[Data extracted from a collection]
_ _ _ _ _ _ _

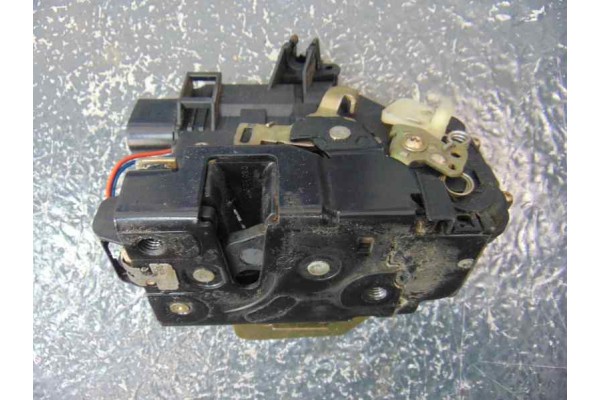 Cerradura puerta delantera derecha, Audi A6 Avant (4B5) 2.7 T Quattro 2001, 4B1837016B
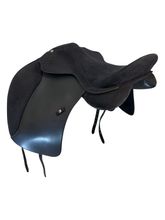 18 Inch Used Wintec Dressage Saddle Pro Wide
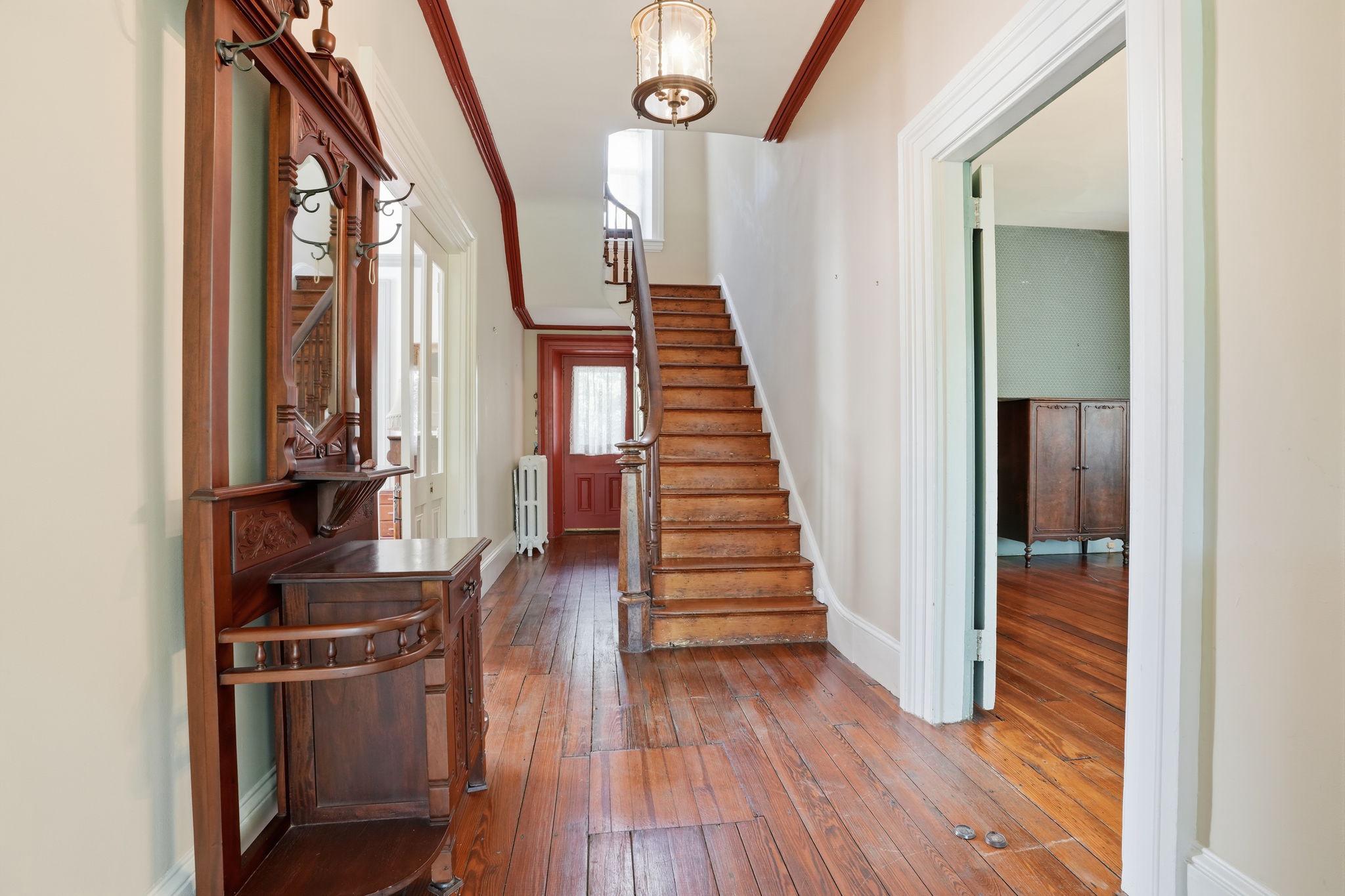 424 West Waverly Road Glenside, PA 19038 - Photo 12 of 75 Foyer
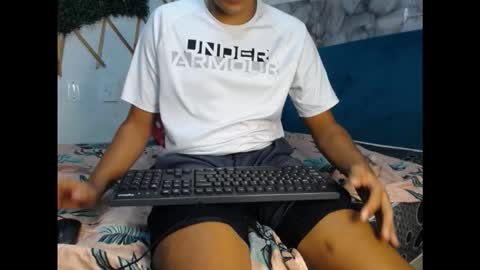 Snapshot of daniel_velez26 chatting on November 2025 04:06:02 PM daniel_velez26 online show from November 2025 04:06:02 PM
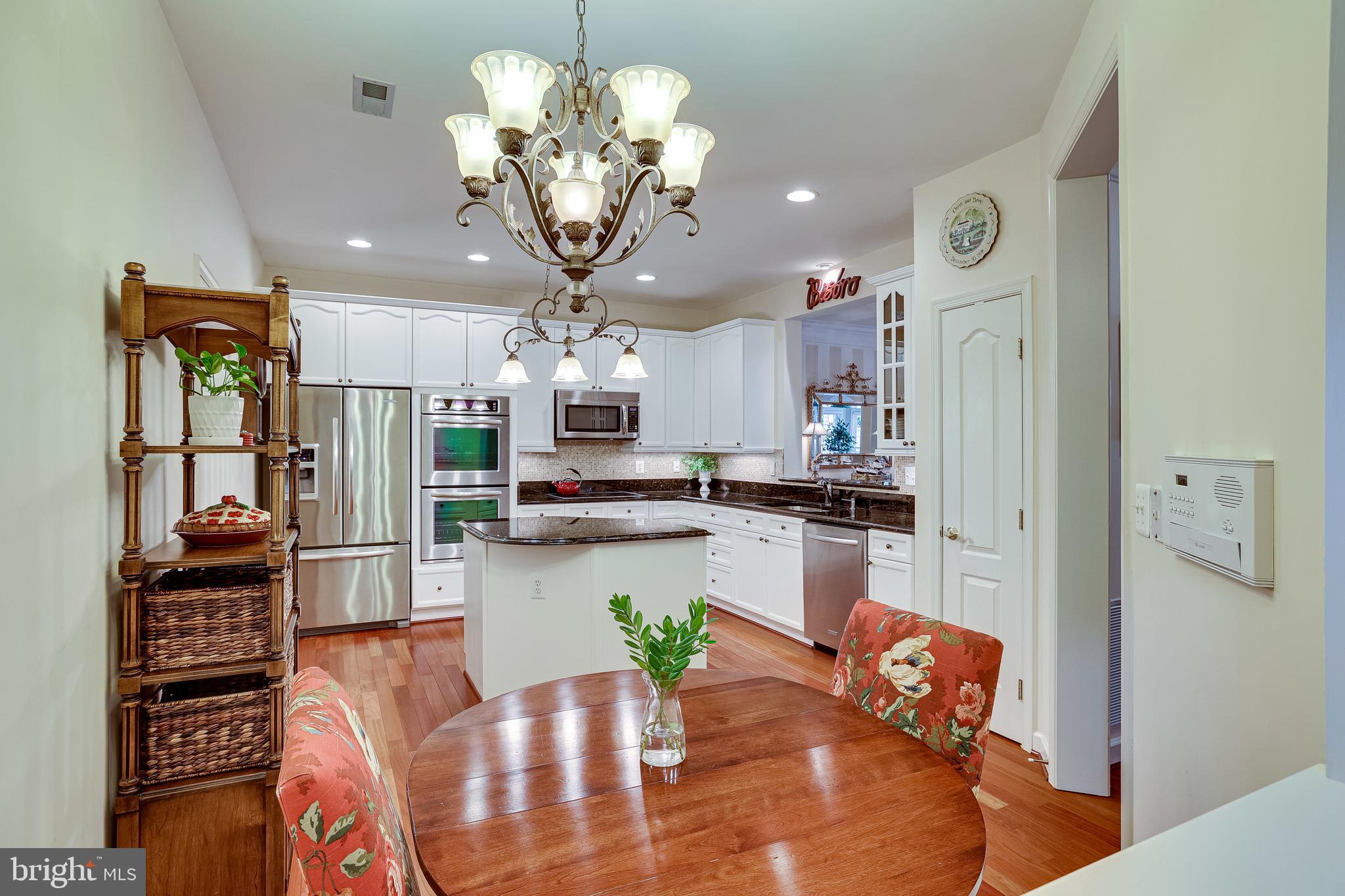 1933 Logan Manor Drive Reston, VA 20190 - Photo 17 of 120 Morning Room Table Space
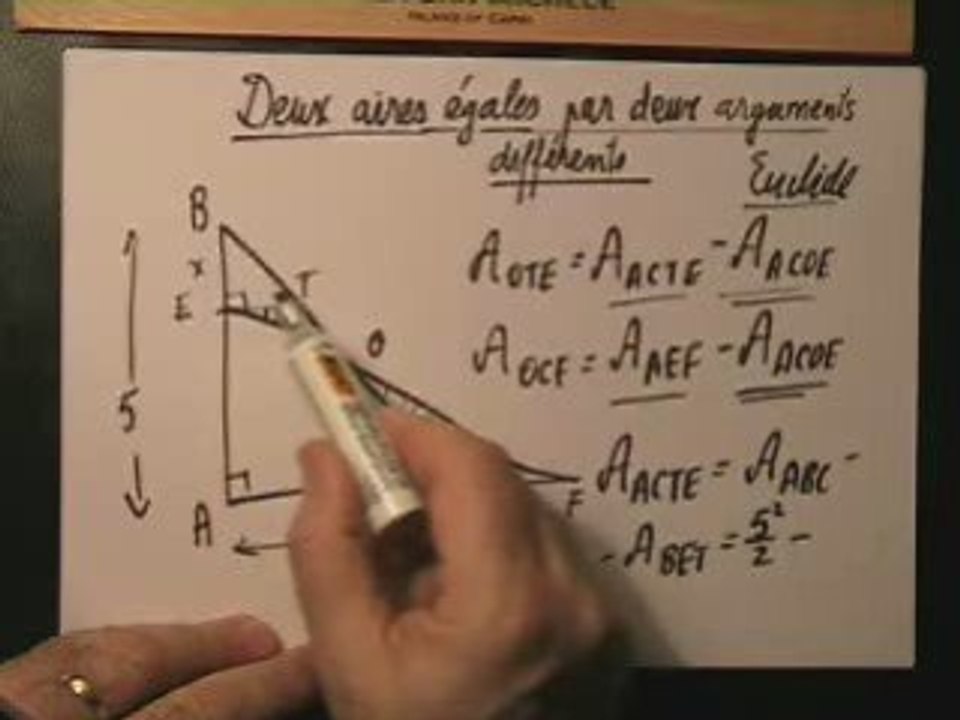 45. Deux aires égales par deux arguments différents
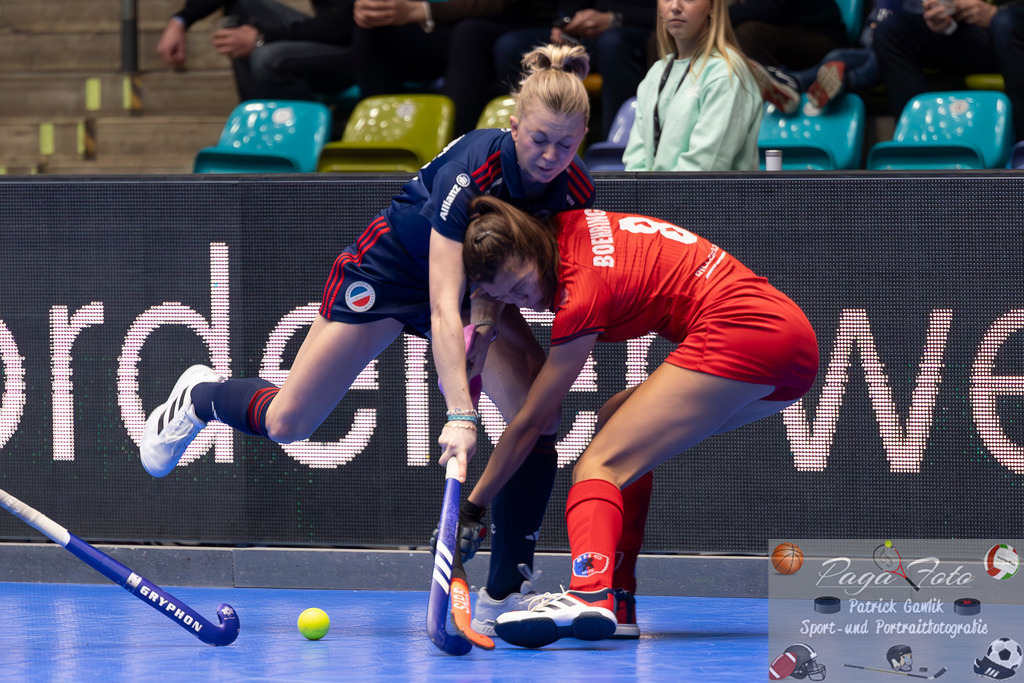 Volvo E.R.B. Final 4 Finale Frauen: Berliner HC - Mannheimer HC, 26.01.2025 | Verena Neumann (Mannheimer HC #19) &amp; Joana Boehringer / Böhringer (Berliner HC #8) prallen zusammen im Kampf um den ball, Berliner HC - Mannheimer HC, Frankfurt, Süwag Arena, 26.1.2025 - Realisiert mit Pictrs.com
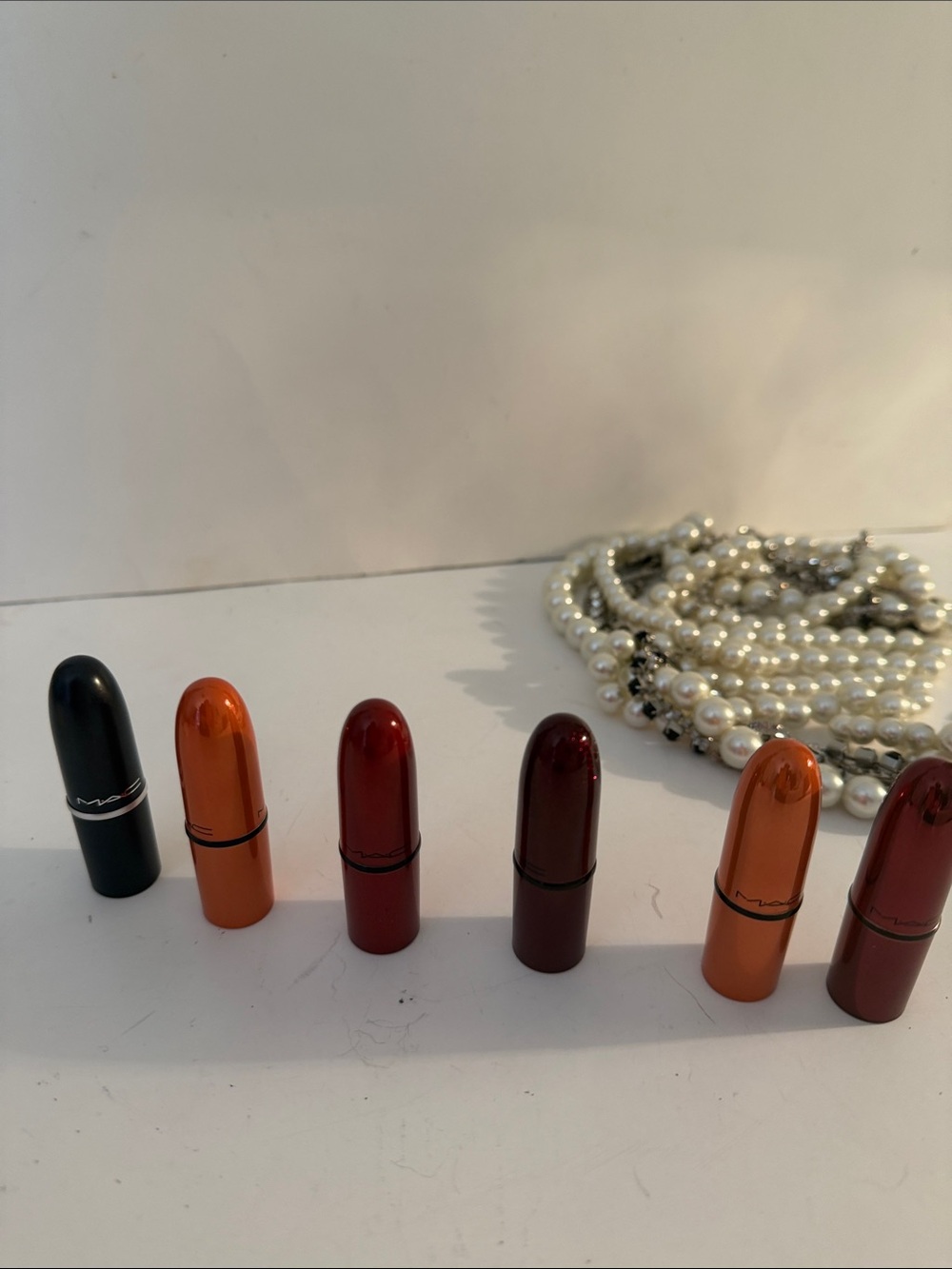 MAC Cosmetics 6 Mini Lipstick Collection - cafe, Diva, Chili Burgundy, perfect! - Picture 4 of 6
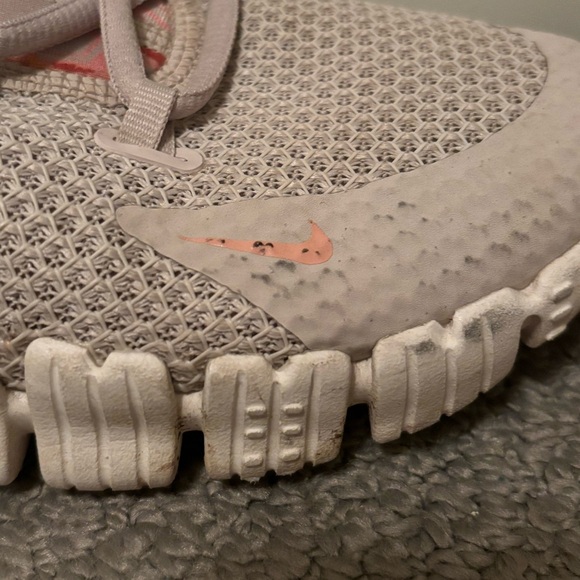 Nike Pink/Gray Metcon Free 4 | Desert Sand Crimson bliss | Women’s size 9.5 - Picture 4 of 8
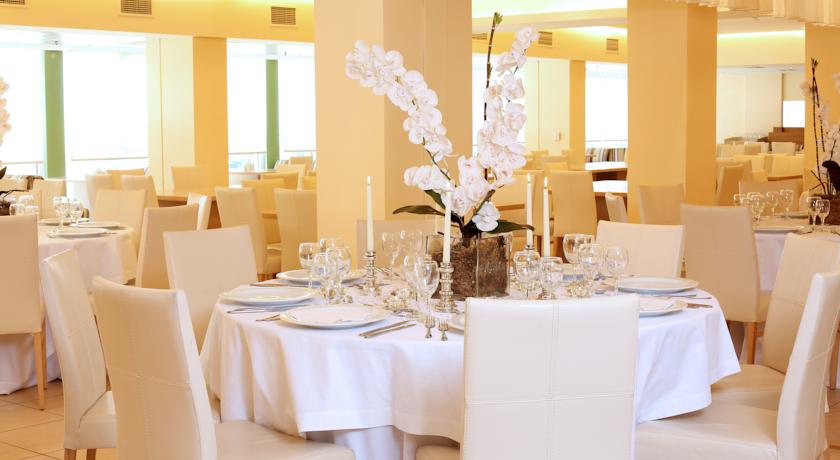 Tafels in restaurant van hotel Ariti Corfu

_ _ _ _ _ _ _

_Work task_:
The entries above need to be transcribed word for word, and the pictures stay out.

_Response_:
 Cerradura puerta delantera derecha, Audi A6 Avant (4B5) 2.7 T Quattro 2001, 4B1837016B
 18 Inch Used Wintec Dressage Saddle Pro Wide
 424 West Waverly Road Glenside, PA 19038 - Photo 12 of 75 Foyer
 Snapshot of daniel_velez26 chatting on November 2025 04:06:02 PM daniel_velez26 online show from November 2025 04:06:02 PM
 1933 Logan Manor Drive Reston, VA 20190 - Photo 17 of 120 Morning Room Table Space
 45. Deux aires égales par deux arguments différents
 Volvo E.R.B. Final 4 Finale Frauen: Berliner HC - Mannheimer HC, 26.01.2025 | Verena Neumann (Mannheimer HC #19) &amp; Joana Boehringer / Böhringer (Berliner HC #8) prallen zusammen im Kampf um den ball, Berliner HC - Mannheimer HC, Frankfurt, Süwag Arena, 26.1.2025 - Realisiert mit Pictrs.com
 MAC Cosmetics 6 Mini Lipstick Collection - cafe, Diva, Chili Burgundy, perfect! - Picture 4 of 6
 Nike Pink/Gray Metcon Free 4 | Desert Sand Crimson bliss | Women’s size 9.5 - Picture 4 of 8
 Tafels in restaurant van hotel Ariti Corfu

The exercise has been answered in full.